Aim of the exercise
Make an exact copy of the lines from the top of the entries below through the line with "Building Photo - 2375 S Linden Ct". Leave all pictures out.
START Data shown
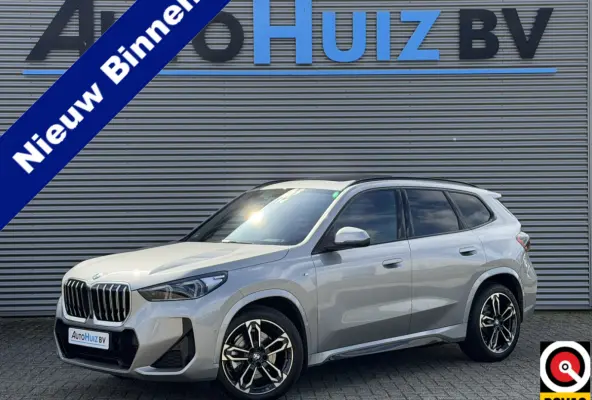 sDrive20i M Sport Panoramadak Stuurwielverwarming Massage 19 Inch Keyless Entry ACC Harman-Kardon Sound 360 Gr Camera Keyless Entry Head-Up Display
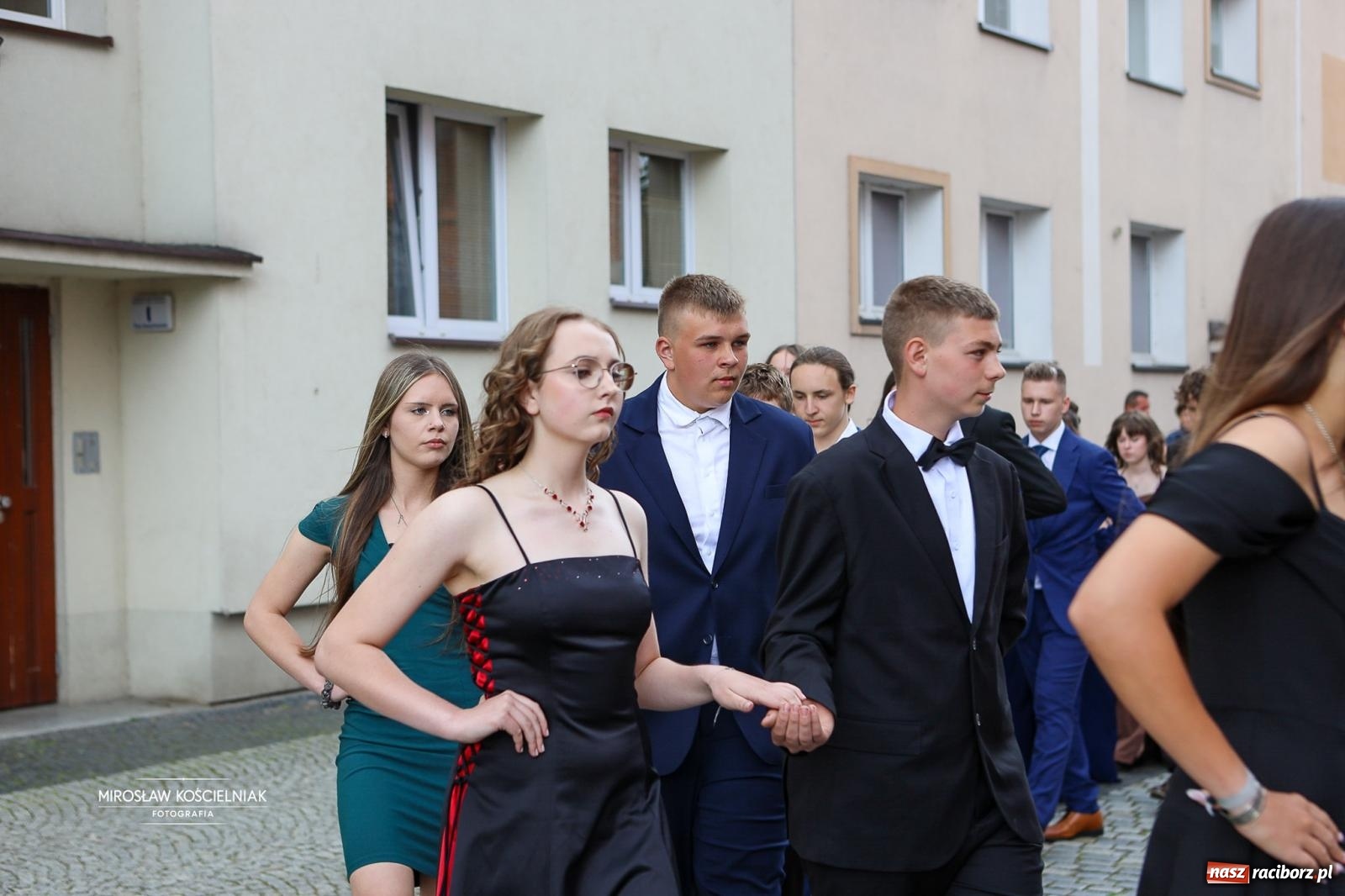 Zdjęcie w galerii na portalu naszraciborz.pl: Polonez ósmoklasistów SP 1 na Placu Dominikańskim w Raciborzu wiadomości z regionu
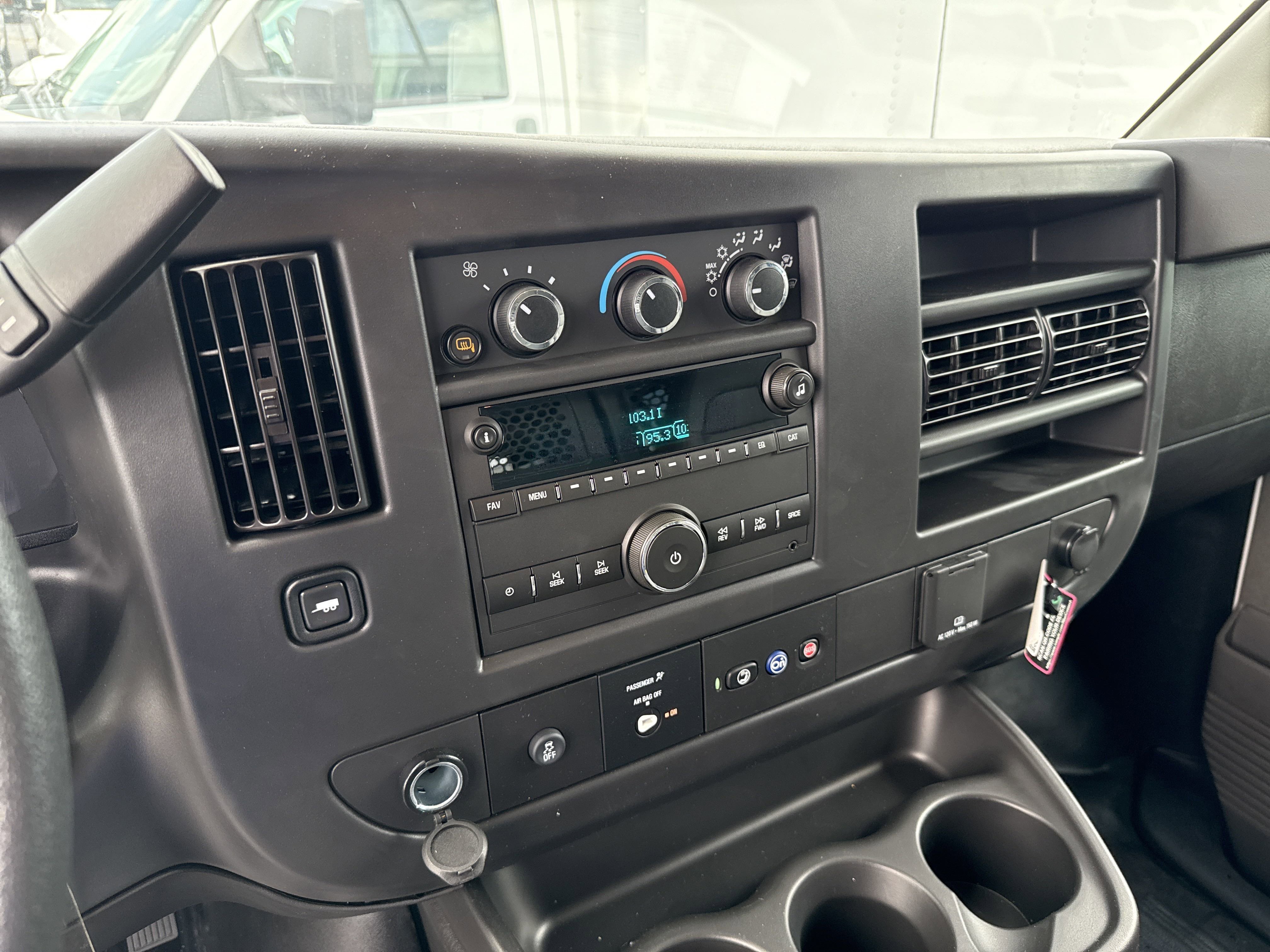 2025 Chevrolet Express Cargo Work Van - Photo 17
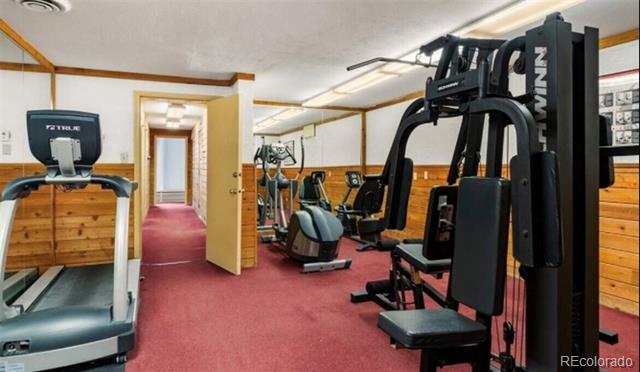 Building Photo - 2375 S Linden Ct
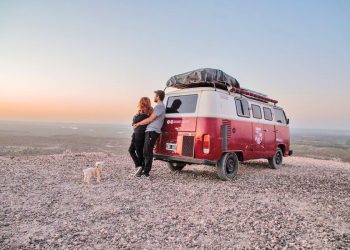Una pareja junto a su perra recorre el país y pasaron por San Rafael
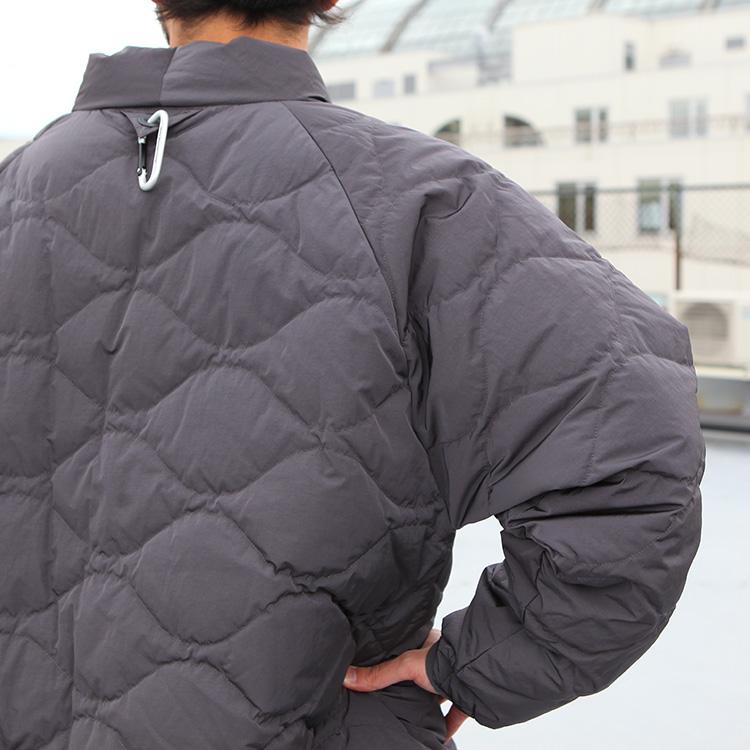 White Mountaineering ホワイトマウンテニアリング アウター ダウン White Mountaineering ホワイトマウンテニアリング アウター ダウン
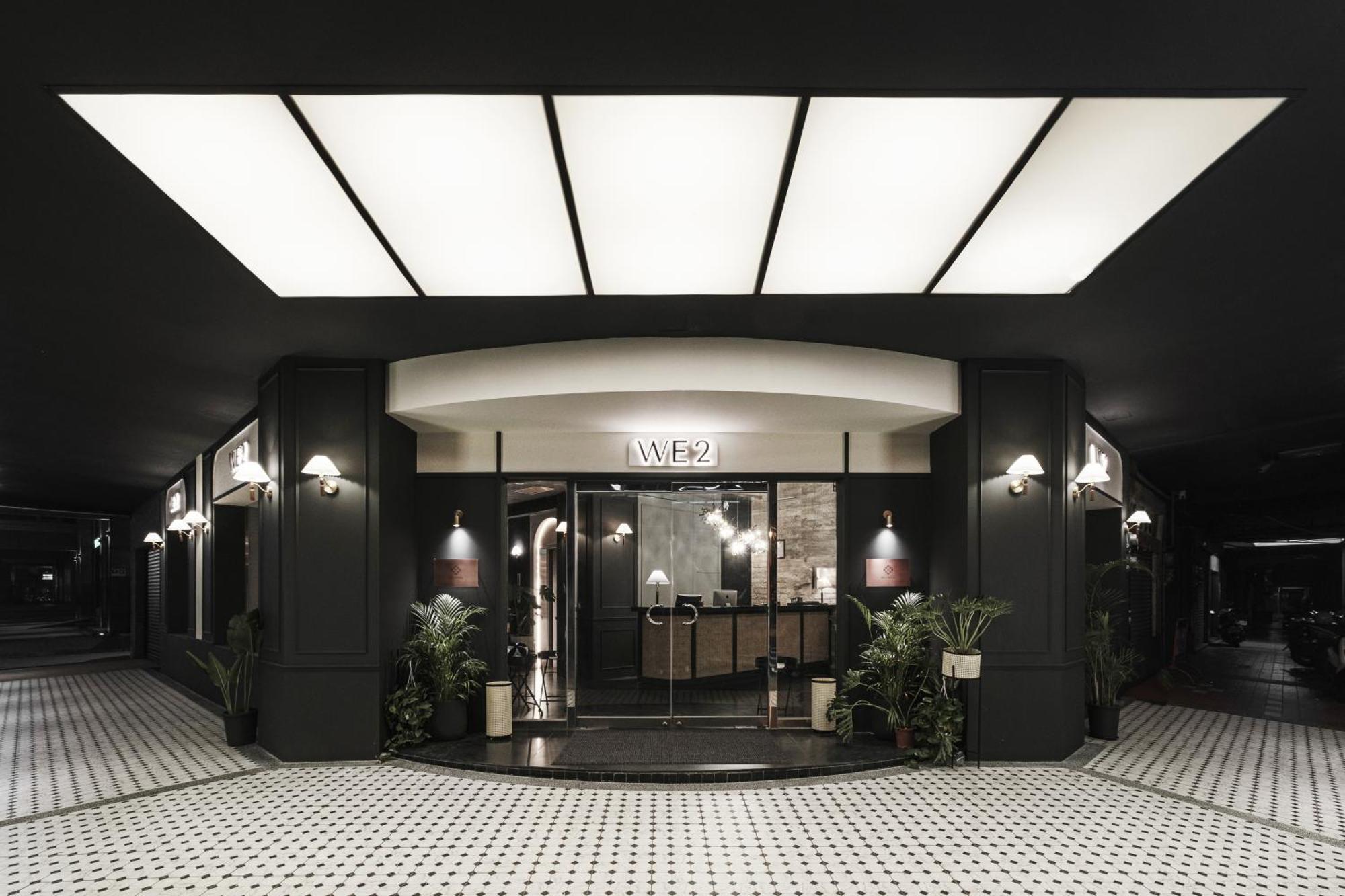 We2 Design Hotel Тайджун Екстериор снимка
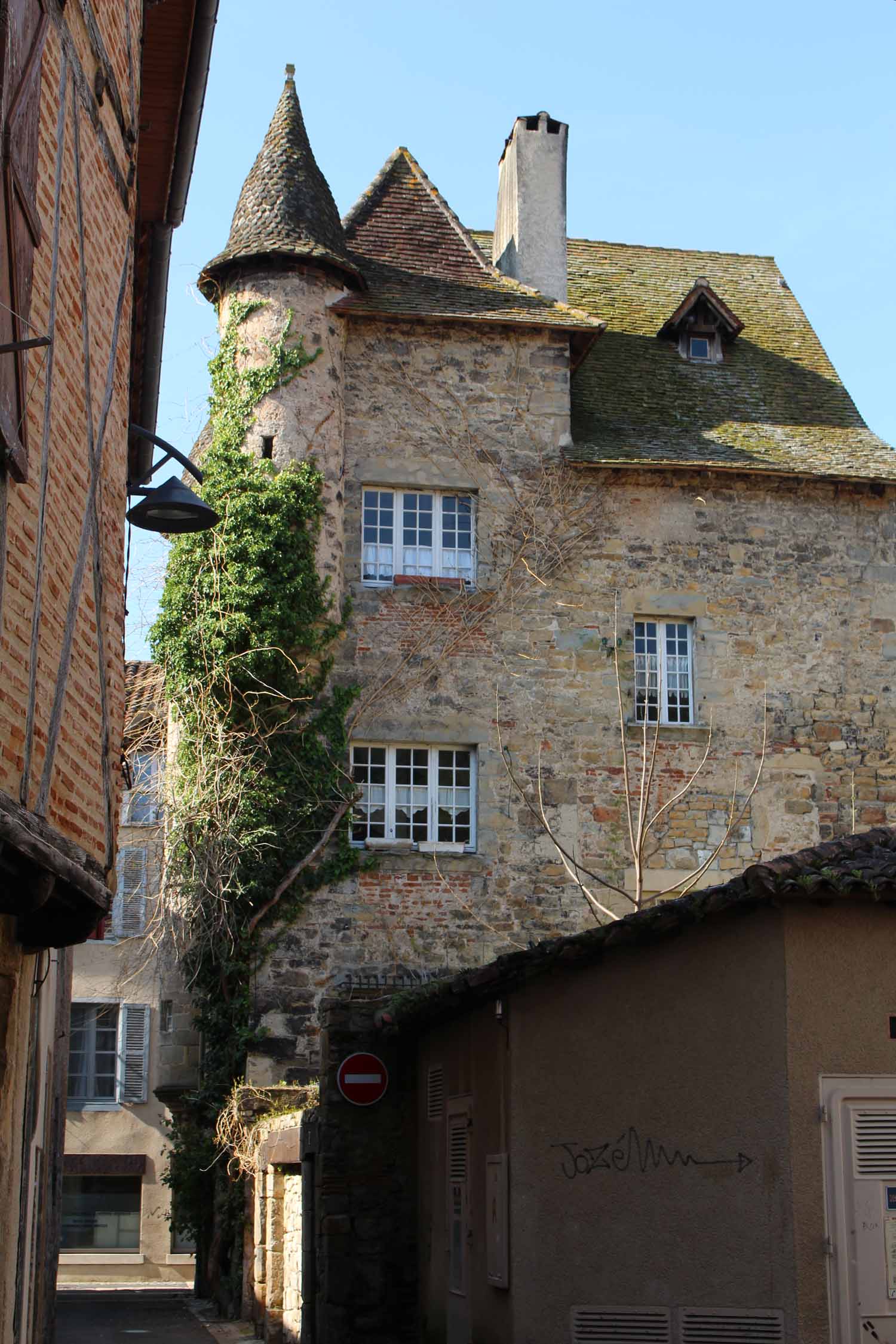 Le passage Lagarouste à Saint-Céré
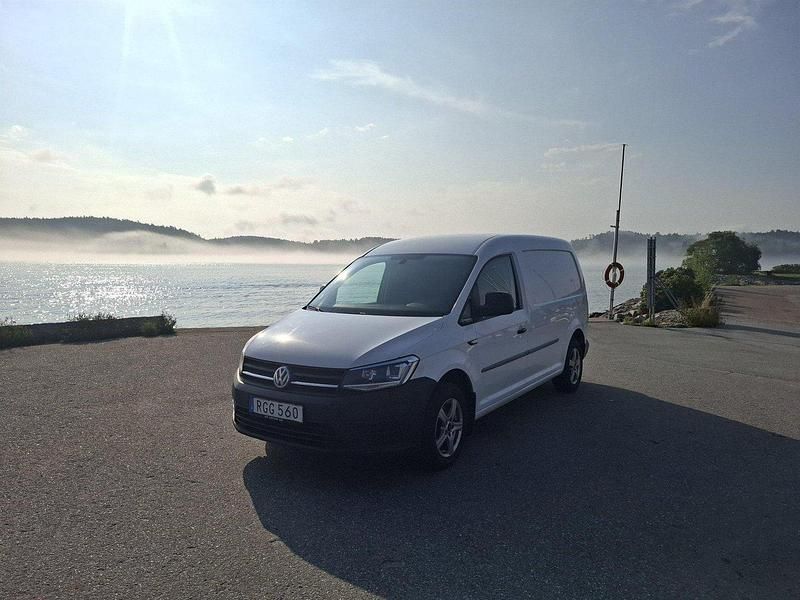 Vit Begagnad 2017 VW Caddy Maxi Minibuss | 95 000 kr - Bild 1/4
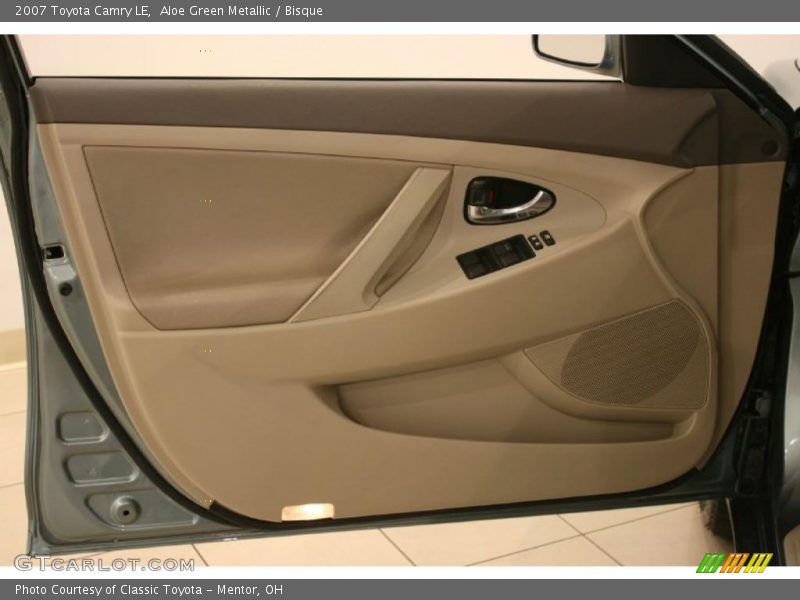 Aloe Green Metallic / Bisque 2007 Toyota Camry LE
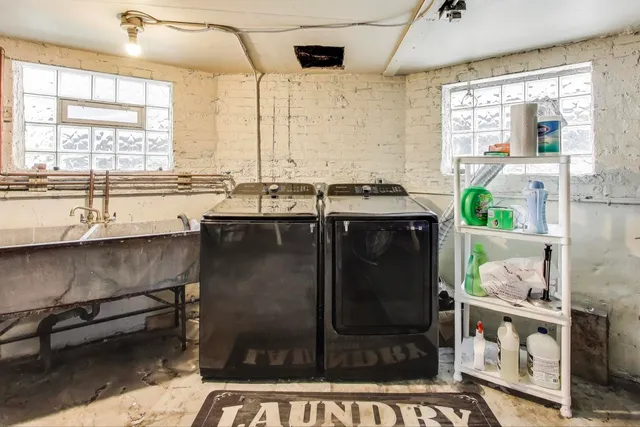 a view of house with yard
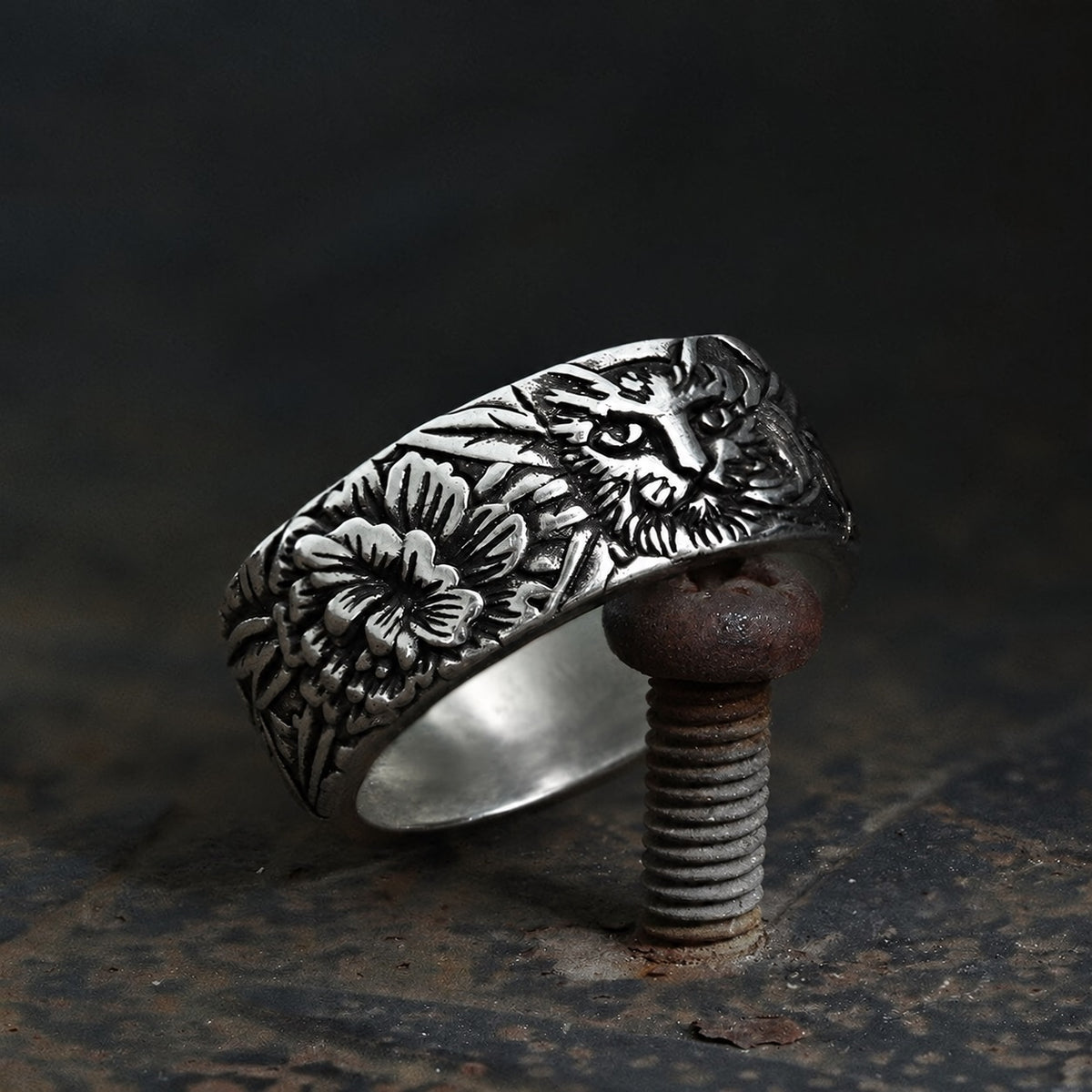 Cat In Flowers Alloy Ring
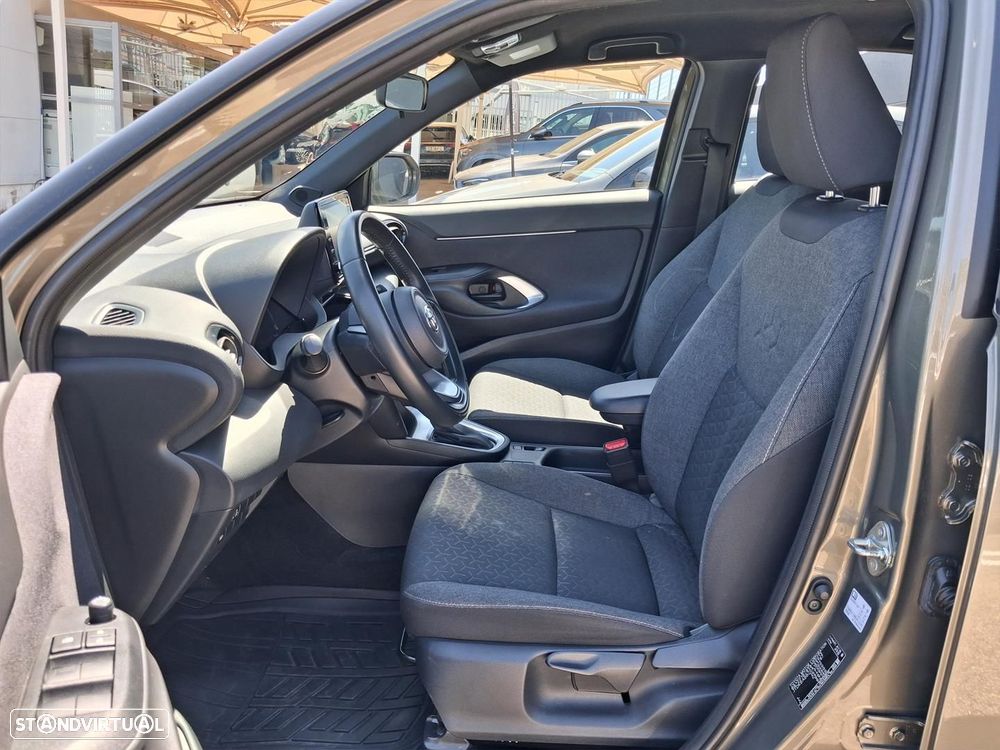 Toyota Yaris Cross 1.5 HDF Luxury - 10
END Data shown
Task answer
 sDrive20i M Sport Panoramadak Stuurwielverwarming Massage 19 Inch Keyless Entry ACC Harman-Kardon Sound 360 Gr Camera Keyless Entry Head-Up Display
 Zdjęcie w galerii na portalu naszraciborz.pl: Polonez ósmoklasistów SP 1 na Placu Dominikańskim w Raciborzu wiadomości z regionu
 2025 Chevrolet Express Cargo Work Van - Photo 17
 Building Photo - 2375 S Linden Ct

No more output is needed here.